Assignment:
Without including any picture, transcribe the entries below word for word.

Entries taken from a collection
━━━━━━━━━━

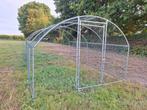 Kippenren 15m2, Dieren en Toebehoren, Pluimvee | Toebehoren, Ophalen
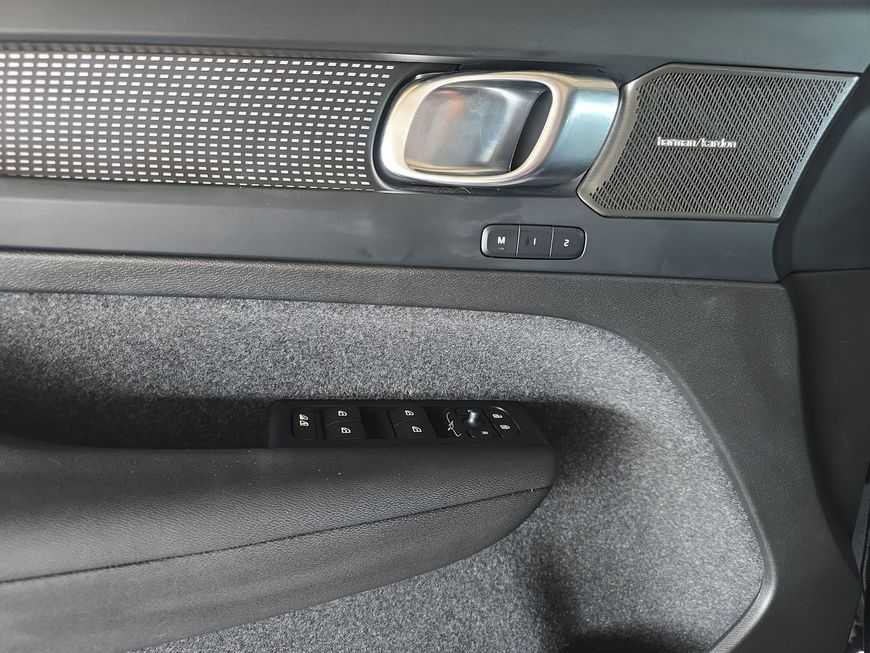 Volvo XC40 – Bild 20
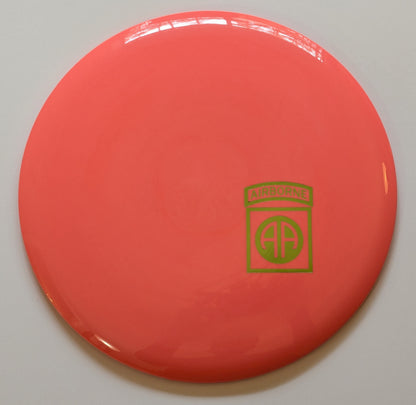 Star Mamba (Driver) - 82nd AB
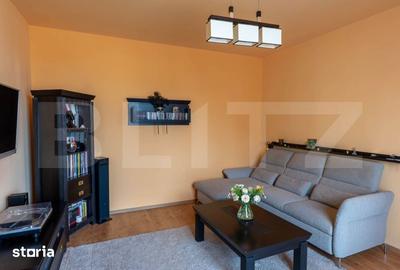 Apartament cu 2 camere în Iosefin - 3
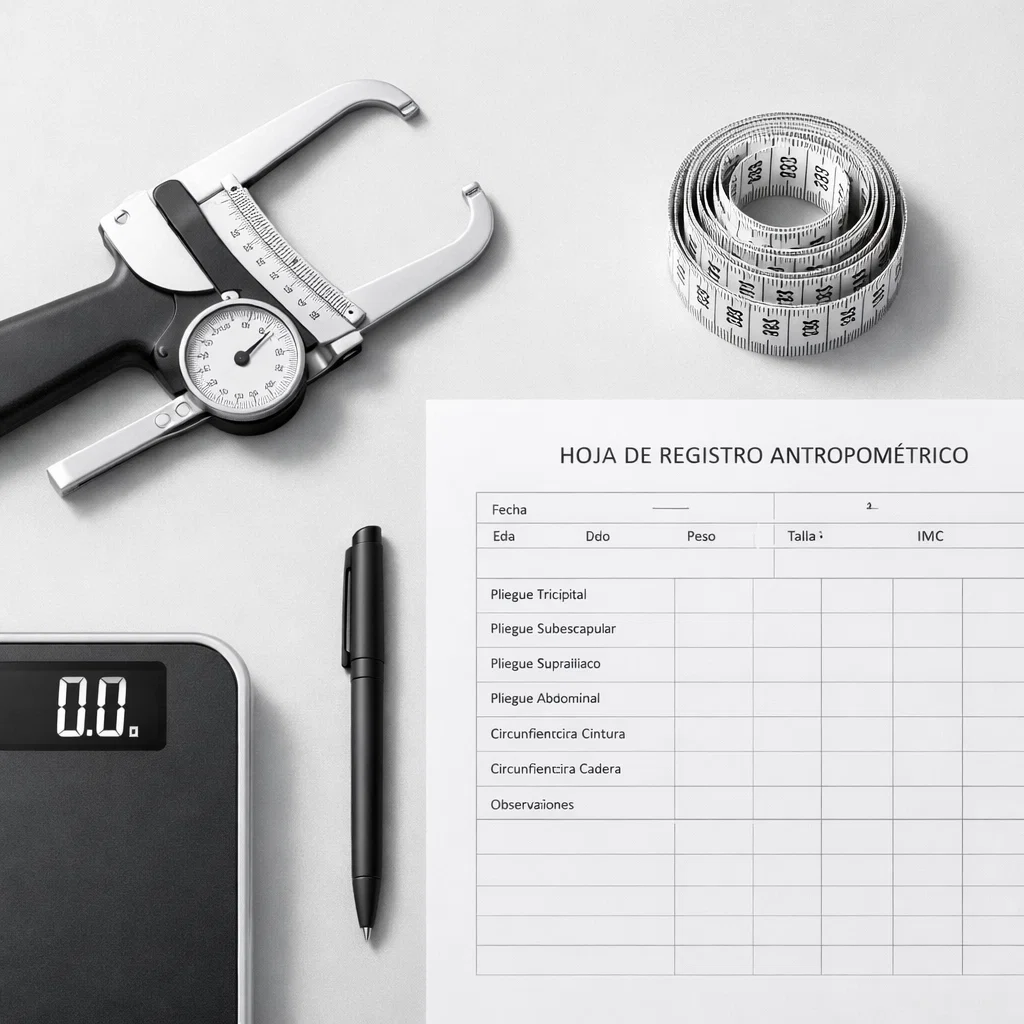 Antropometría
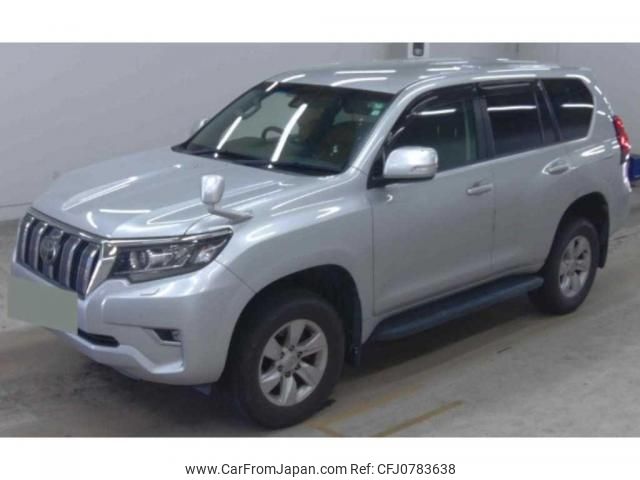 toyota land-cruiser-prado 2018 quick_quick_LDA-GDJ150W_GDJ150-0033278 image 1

━━━━━━━━━━

Answer to this problem:
 Kippenren 15m2, Dieren en Toebehoren, Pluimvee | Toebehoren, Ophalen
 Volvo XC40 – Bild 20
 Star Mamba (Driver) - 82nd AB
 Apartament cu 2 camere în Iosefin - 3
 Antropometría
 toyota land-cruiser-prado 2018 quick_quick_LDA-GDJ150W_GDJ150-0033278 image 1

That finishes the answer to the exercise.